The print head comprises a plurality of orifices or openings from which the ink jets out which is called the jet stack. The present invention comprises a drip bib just below this jet stack so that any free dripping ink from the drib bib will not land on the top of a head or on a paper-receiving sheet. To stop the ink from dripping, the ink is frozen between the heads so that the solidified ink can be disposed of when a maintenance cycle is performed. When the drip tray is placed below the drip bib, it can be heated to release the drip into the tray.
As heads 1 and 2 drool, the ink will run down the head face, release off the drip bib 4 and land on the paper path. It has been observed that hard ink can damage a print head when it squeezes between a paper roll and head face. The jet stack 6 will have dent marks affecting the head performance. To stop the ink from dripping, the drip bib 4 can be extended longer and have segments cut out so that the heat from the head will get reduced enough to freeze ink as it approaches the bottom of the drip bib 4. A heater would be added so that when it is desired to remove the unwanted ink, one would turn on the heat with a drip tray 5 below the drip bib 4. The drip bib 4 could also have a bend as shown in the picture of
In summary, this invention provides a system to control drips from print heads 1 and 2 in a solid ink jet printing system. Drips that occur during printing can cause dents in print heads 1 and 2 when they get wedged into the small gap between the head and the imaging surface or image defects as a drop lands on an image. This invention uses a drip bib 4 with a heater 7 attached to the back and a thermal break 8 between the heated area 7 and the part attached to the print heads. During the purge, the heater 7 maintains the bib 4 at a temperature that allows the ink to flow freely into a drip tray 5. During printing, the thermal break in the bib 4 ensures that the end is cool enough so ink no longer drips and solidifies ink that may dribble inadvertently from the head. In addition, the bib 4, in one embodiment, is angled away from the printing surface to ensure any solidified ink is well separated from the imaging surface.

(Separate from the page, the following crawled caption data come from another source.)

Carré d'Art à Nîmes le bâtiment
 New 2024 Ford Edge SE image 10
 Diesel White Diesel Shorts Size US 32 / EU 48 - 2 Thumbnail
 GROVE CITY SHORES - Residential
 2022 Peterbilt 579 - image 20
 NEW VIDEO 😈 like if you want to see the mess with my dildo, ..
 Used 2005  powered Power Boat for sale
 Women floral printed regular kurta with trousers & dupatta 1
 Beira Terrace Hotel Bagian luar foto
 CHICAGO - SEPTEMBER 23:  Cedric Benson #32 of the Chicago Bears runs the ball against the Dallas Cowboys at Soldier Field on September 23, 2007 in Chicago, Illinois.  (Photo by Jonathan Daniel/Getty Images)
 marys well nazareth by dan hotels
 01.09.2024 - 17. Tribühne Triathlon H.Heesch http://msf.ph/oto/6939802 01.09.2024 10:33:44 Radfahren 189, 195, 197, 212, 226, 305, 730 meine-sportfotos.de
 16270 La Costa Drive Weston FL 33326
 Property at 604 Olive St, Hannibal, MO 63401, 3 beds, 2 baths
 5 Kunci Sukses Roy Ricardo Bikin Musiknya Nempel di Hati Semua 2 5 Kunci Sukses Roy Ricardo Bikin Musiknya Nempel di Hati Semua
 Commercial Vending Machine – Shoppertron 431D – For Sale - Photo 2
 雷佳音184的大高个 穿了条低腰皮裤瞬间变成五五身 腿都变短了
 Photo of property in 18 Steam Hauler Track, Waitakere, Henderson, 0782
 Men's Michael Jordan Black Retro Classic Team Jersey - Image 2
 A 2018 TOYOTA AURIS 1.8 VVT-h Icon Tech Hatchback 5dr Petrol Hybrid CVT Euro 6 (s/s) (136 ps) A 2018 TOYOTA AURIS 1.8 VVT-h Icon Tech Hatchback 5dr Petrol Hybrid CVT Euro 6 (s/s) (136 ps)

In summary, the present invention provides a print head assembly useful in ink-jet printing comprising at least one array of upper positioned print heads, at least one array of lower positioned print heads, a drip bib located at a lower portion of at least some of said upper positioned print heads, and a drip tray positioned below each of the drip bibs. The print heads are staggered so that the upper positioned print heads overhang the lower positioned print heads.
The drip tray and the drip bibs are co-extensive providing the drip tray below all portions of the drip bib. The drip bib and the drip tray are below all print heads in the assembly. The drip bib is configured to permit any residual ink that drips from the print heads to the drip bib and then into the drip tray during a maintenance cycle of the assembly.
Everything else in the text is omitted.